Mate that works out at £50 for five litres.... Its 15 quid for five litres of Your local AS Rep...
Thanks to Grant Our AS rep !!......................:thumb:


----------



## Maciek (Mar 6, 2012)

Is AS Smart Wheels safe for "daily/weekly" washes? Let say at 1:4 or 1:3 ratio?
Got 4 cars to do and at least by washing wheels often/weekly they "look" cleaner and not everyone want to pay for weekly wash.

I dont like using IronX or CCC Dissolver everytime as that is too expensive.

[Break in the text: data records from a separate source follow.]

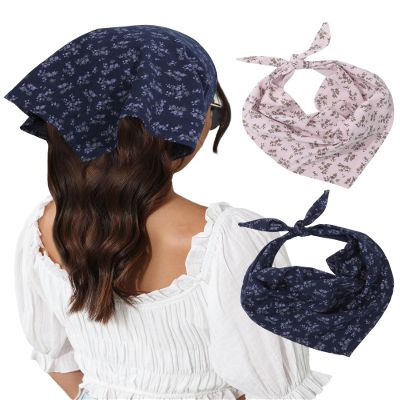 Molans Cotton Floral Hair Scarf, 2PCS Triangle Head Bandanas for Women Girl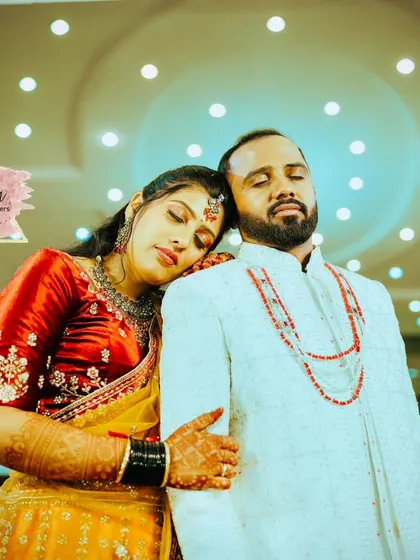A serene portrait of the couple. The bride's soft glam makeup looks beautiful in this artistic shot, highlighting a flawless complexion.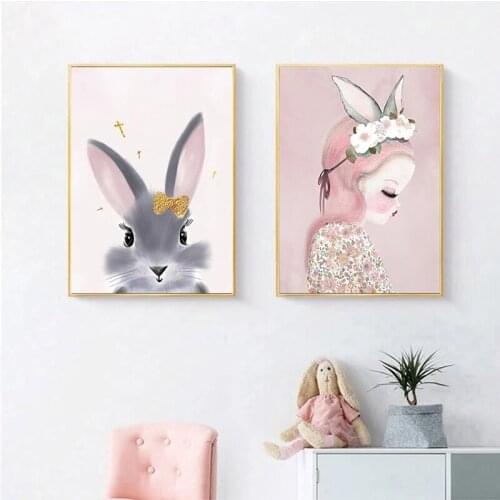 Abstract Wall Art Lovely Cartoon Rabbit Girl Paintings Nordic Canvas Posters and Prints Living Room Bedroom Corridor Decoration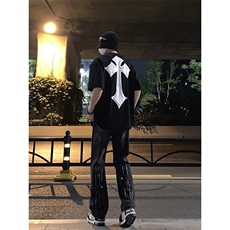 B221美式ins高街暗黑系小众拉链直筒牛仔裤LK23073-P65控88，男装牛仔裤，电商B221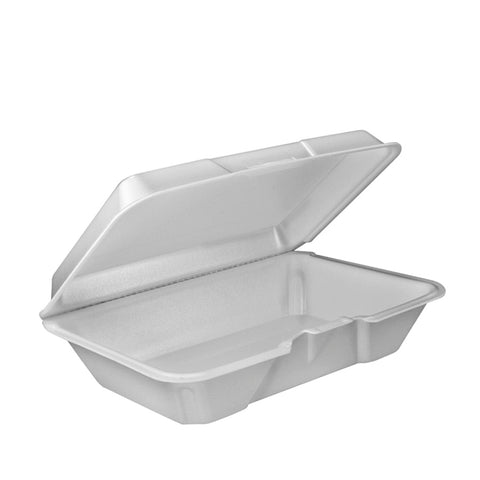 Container Foam White All Purpose Single Compartment W/ Removable Lid 9.3x6.4x2.9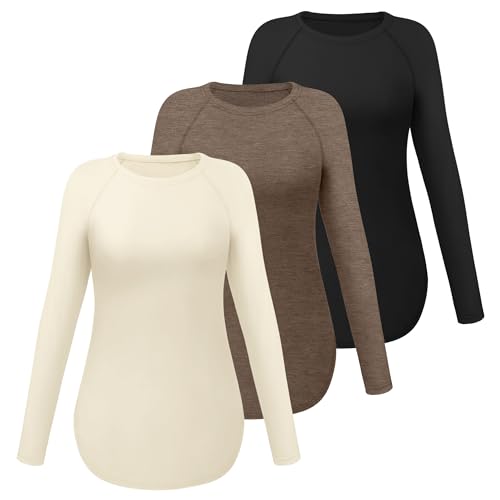 3 Pack Women's Long Sleeve Tunics with Raglan Sleeves & Side Split Hem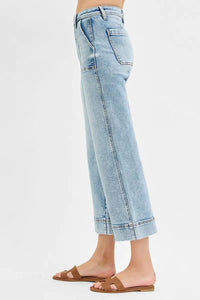 RISEN High Rise Crop Front Seam Jeans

Will AS Smartwheels remove sealant? In my case its Optimum Opti Seal.

thanks in advance
M.
sent from SGS.


----------



## -Kev- (Oct 30, 2007)

sealed wheels should only need shampoo to clean..
or a weak mix of APC


----------



## Yowfailed (Mar 14, 2012)

Dissolver from Lee at Concours Car Care. Not the cheapest out there but an AIO Tar/Fallout remover. And it bleeds lovely :thumb:


----------



## Sue J (Jan 26, 2006)

ChuckH said:


> Mate that works out at £50 for five litres.... Its 15 quid for five litres of Your local AS Rep...
> Thanks to Grant Our AS rep !!......................:thumb:


+ You have no idea what you are actually buying from EBay, no comeback if there is a problem with the product and don't get me started on the H&S and legalities of it.


----------



## Sue J (Jan 26, 2006)

Maciek said:


> Is AS Smart Wheels safe for "daily/weekly" washes? Let say at 1:4 or 1:3 ratio?
> Got 4 cars to do and at least by washing wheels often/weekly they "look" cleaner and not everyone want to pay for weekly wash.
> 
> I dont like using IronX or CCC Dissolver everytime as that is too expensive.
> ...


Yes Smart Wheels is very safe if you use as directed. But as Kev says you should only need a shampoo if your wheels are sealed


----------



## The Cueball (Feb 8, 2007)

I'm getting AS Smart Wheels on Friday.....

:thumb:


----------